Economist Martin Armstrong warns that a new bill which directs the TSA to apprehend and investigate anyone “suspected of committing a crime” would turn the federal agency into a new branch of the IRS.
The TSA Office of Inspection Accountability Act (H.R. 719), introduced on Wednesday by U.S. Rep. John Katko, would require TSA Criminal Investigators to spend a minimum of 50% of their time “investigating, apprehending, or detaining individuals suspected of committing a crime.”
According to Armstrong, the legislation would create a new kind of “Berlin Wall around all American citizens” because it would provide the federal agency with a huge remit to prevent people from traveling.
“Katko is a former federal prosecutor. So he knows precisely what he is doing writing a law that is so broad, that anyone suspected of a crime cannot leave the country,” writes Armstrong. “This is any crime. Keeping gold in a safe deposit box is money laundering carrying up to 25 years in prison.”
“This bill will now result in the arrest of anyone for any alleged crime whatsoever and that will apply to taxes,” warns the economist, accusing Katko of, “converting the TSA into a police force less concerned about air safety and focused more on catching anyone the government can argue violates some law federal or state.”

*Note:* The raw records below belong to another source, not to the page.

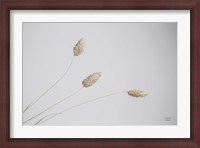 Framed Grass Study Color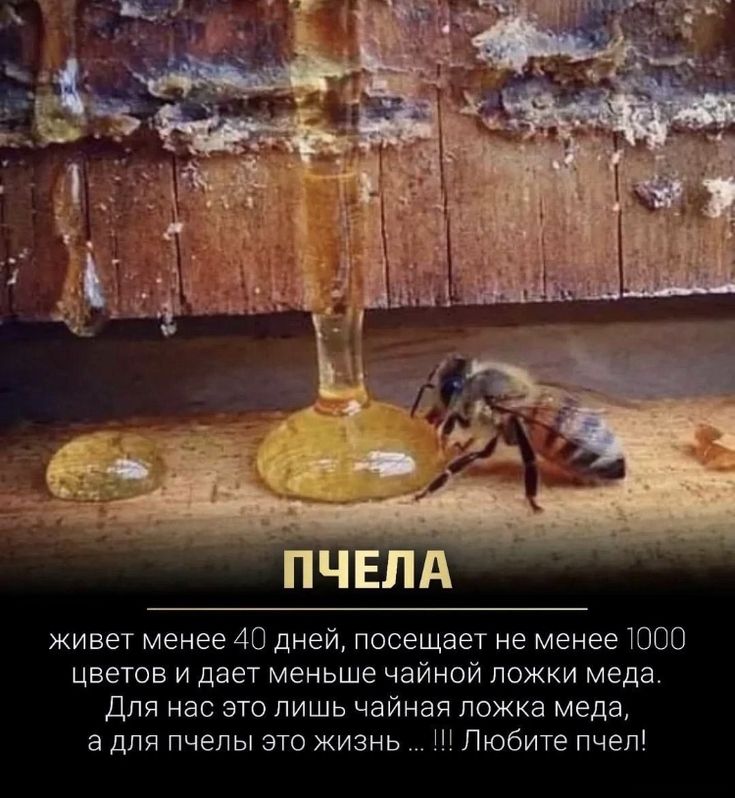[Изображение: c2a1f6d9bf8c5a41e7bf3b6f9ba6d5e0.jpg]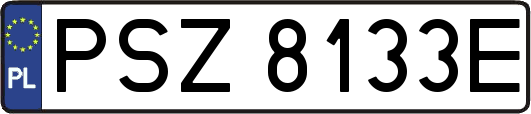 PSZ8133E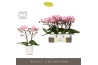Phalaenopsis roze Tablo Cosmopolitan 2 spike in Molise White Aquo 25 b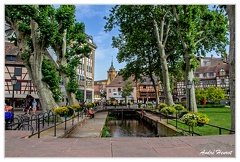 Colmar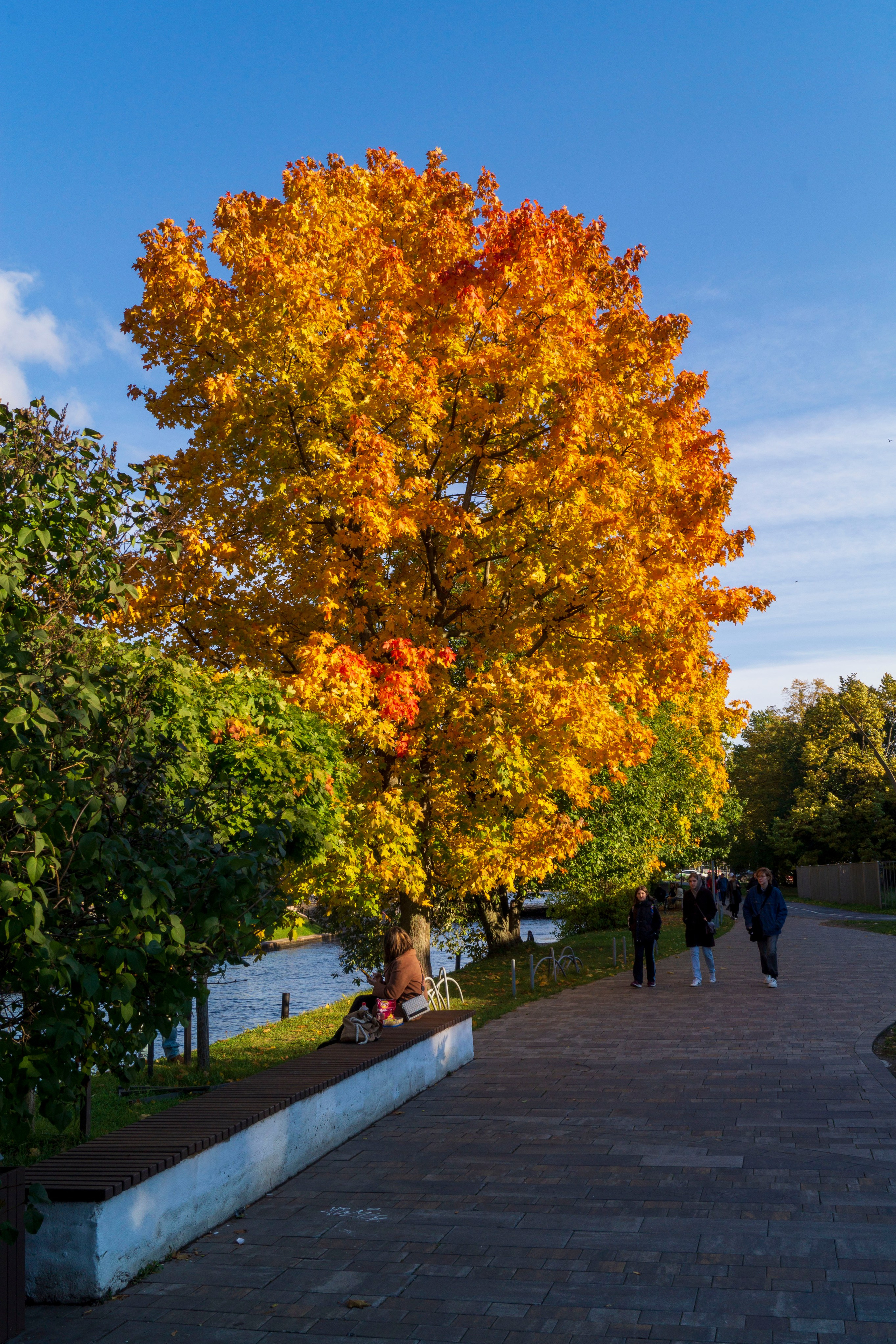 Услуги. Портретный и семейный фотограф Санкт-Петербург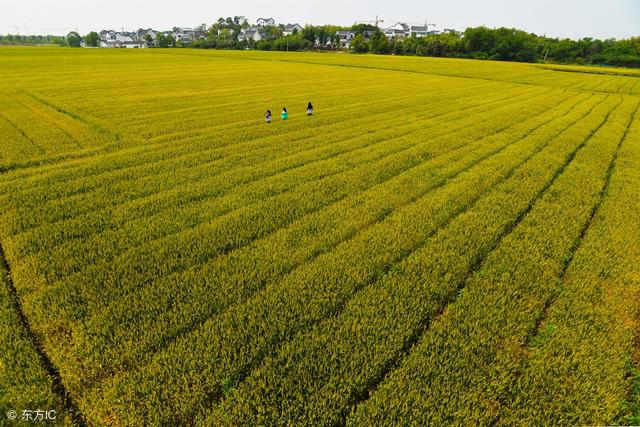 在自家农村耕地上建厂、建养殖场,算违建吗?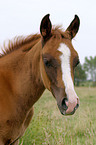 Fohlen im Portrait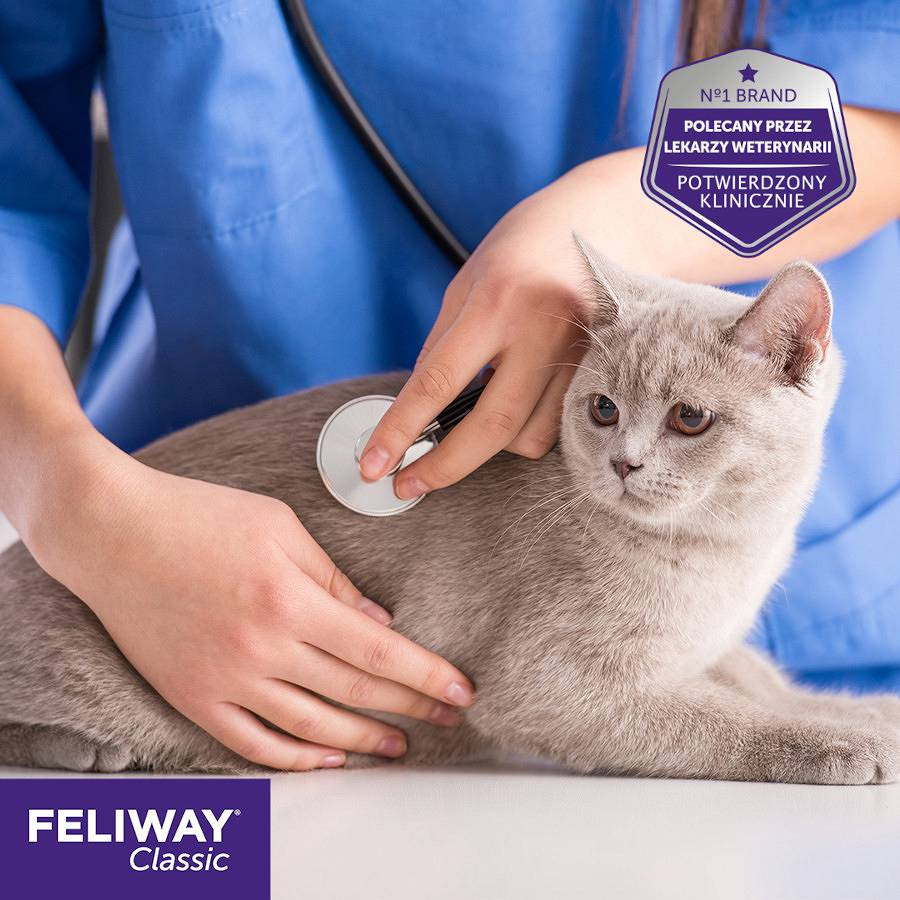 Feliway - Feromony kojące Classic - Dyfuzor ze środkiem uspokajającym dla kota - 48ml Feliway - Feromony kojące Classic - Dyfuzor ze środkiem uspokajającym dla kota - 48ml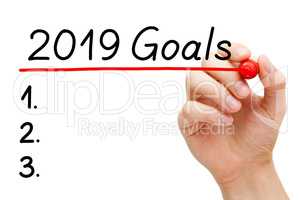 Blank Year 2019 Goals List Concept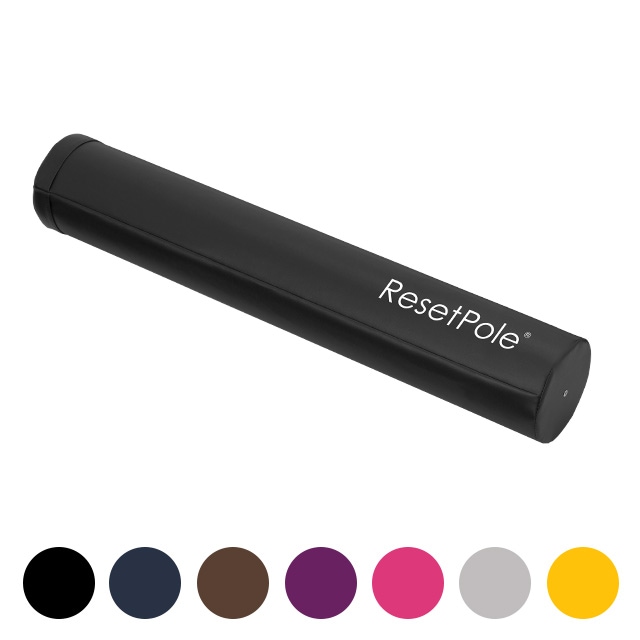 リセットポール ベーシック RP-800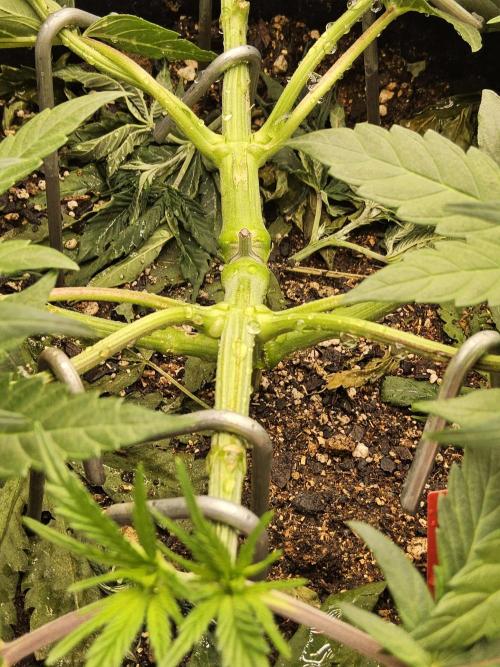 Seedsman Blood. Week 5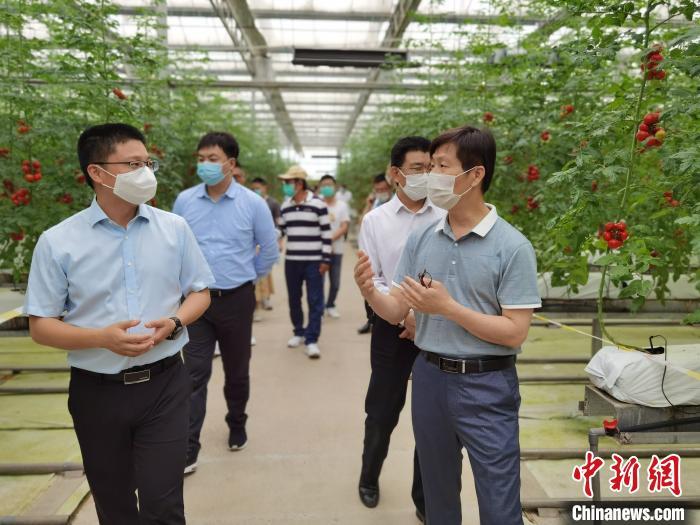台资农业企业家参观现代农业园区。　刘忠俊 摄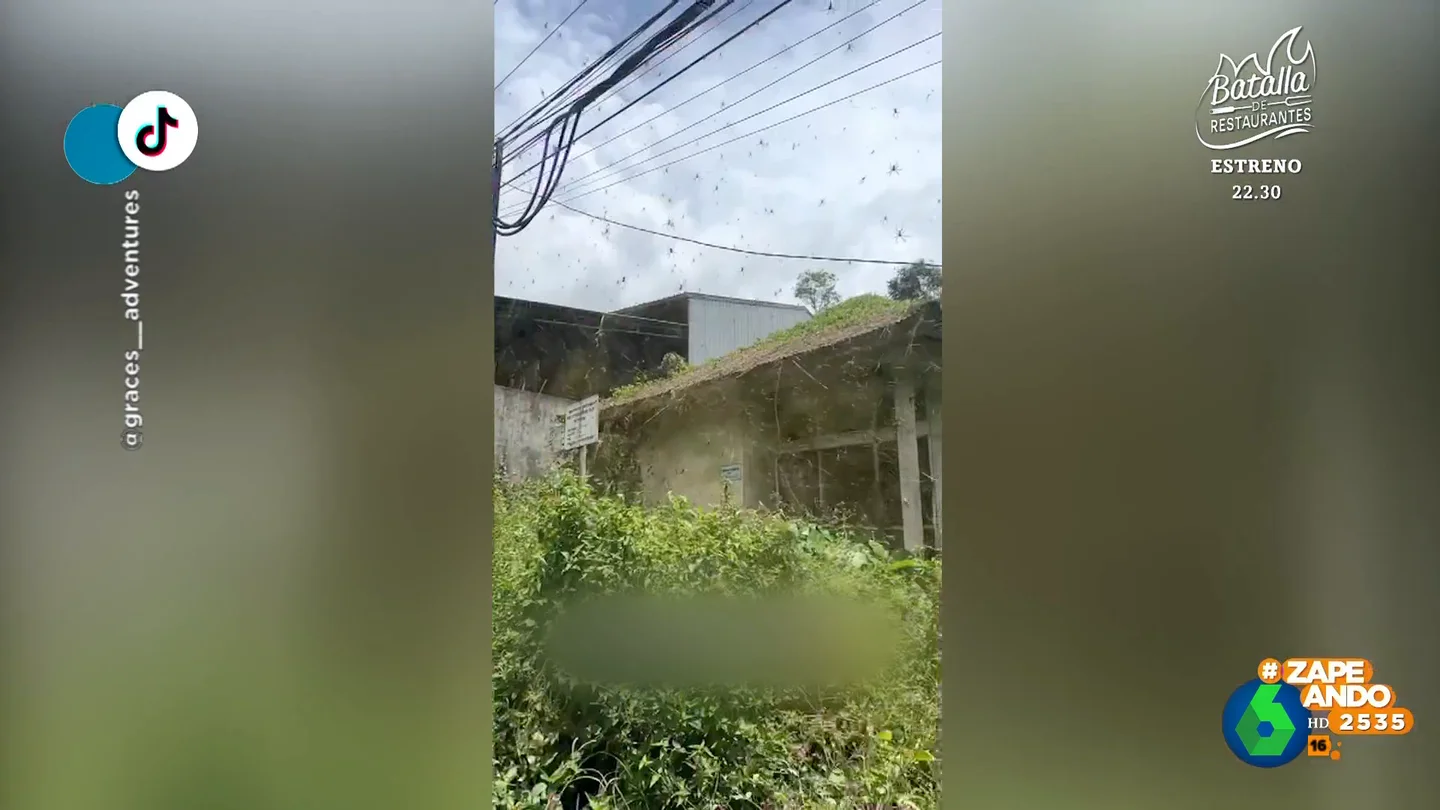 La desagradable sorpresa que se ha llevado una influencer durante un viaje a Bali La desagradable sorpresa que se ha llevado una influencer durante un viaje a Bali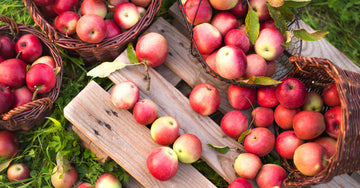 Harvested Apples in baskets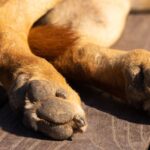 Trágico suceso en San Diego: Hombre muere atacado por sus perros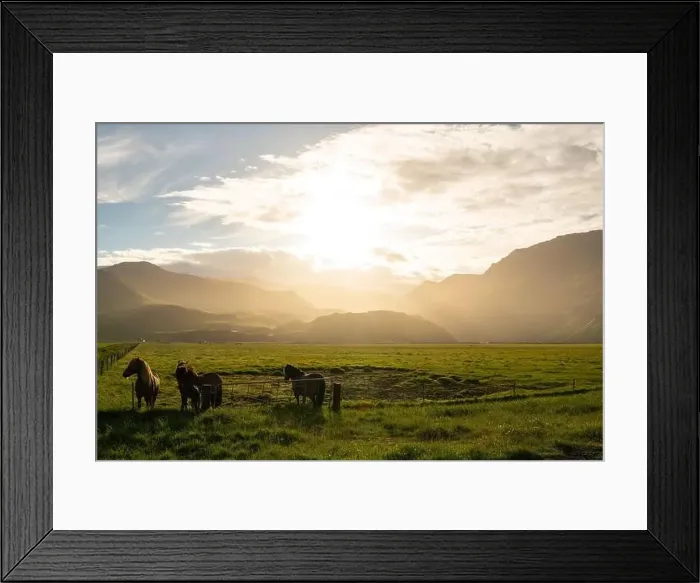 Framed Print : Horses in iceland at daylight sunrise Framed Print : Horses in iceland at daylight sunrise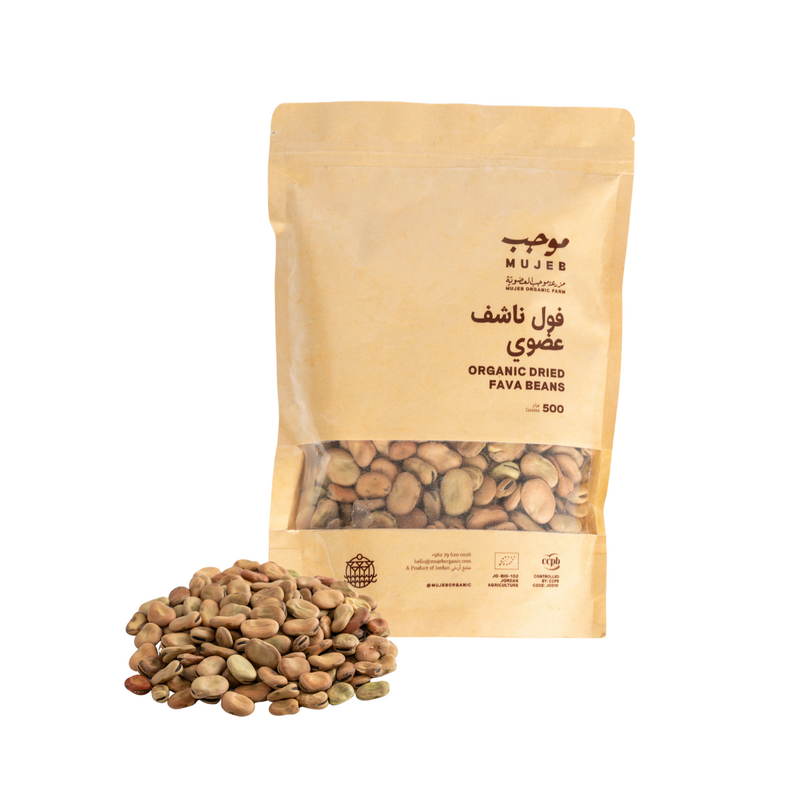 Mujeb Dried Fava Beans 500g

“It is so broad, this would apply to domestic disputes as well,” he adds.
The legislation has bipartisan support and according to Rep. Katco will, “provide a thoughtful response to create safer airports across our country.”
Armstrong notes that the new bill follows the implementation of FATCA, the Foreign Account Tax Compliance Act, which critics say, “turns foreign banks and other financial institutions into enforcement arms of America’s Internal Revenue Service,” because it forces them to report clients to the feds or face large punitive penalties.
The TSA already delves into a treasure trove of private information about all Americans in the name of security before they even arrive at the airport, including tax identification numbers, vehicle and job history, and property ownership records.
It’s somewhat ironic that the TSA could now take on duties normally performed by the IRS given that the two bodies routinely compete for the position of most loathed federal agency in America.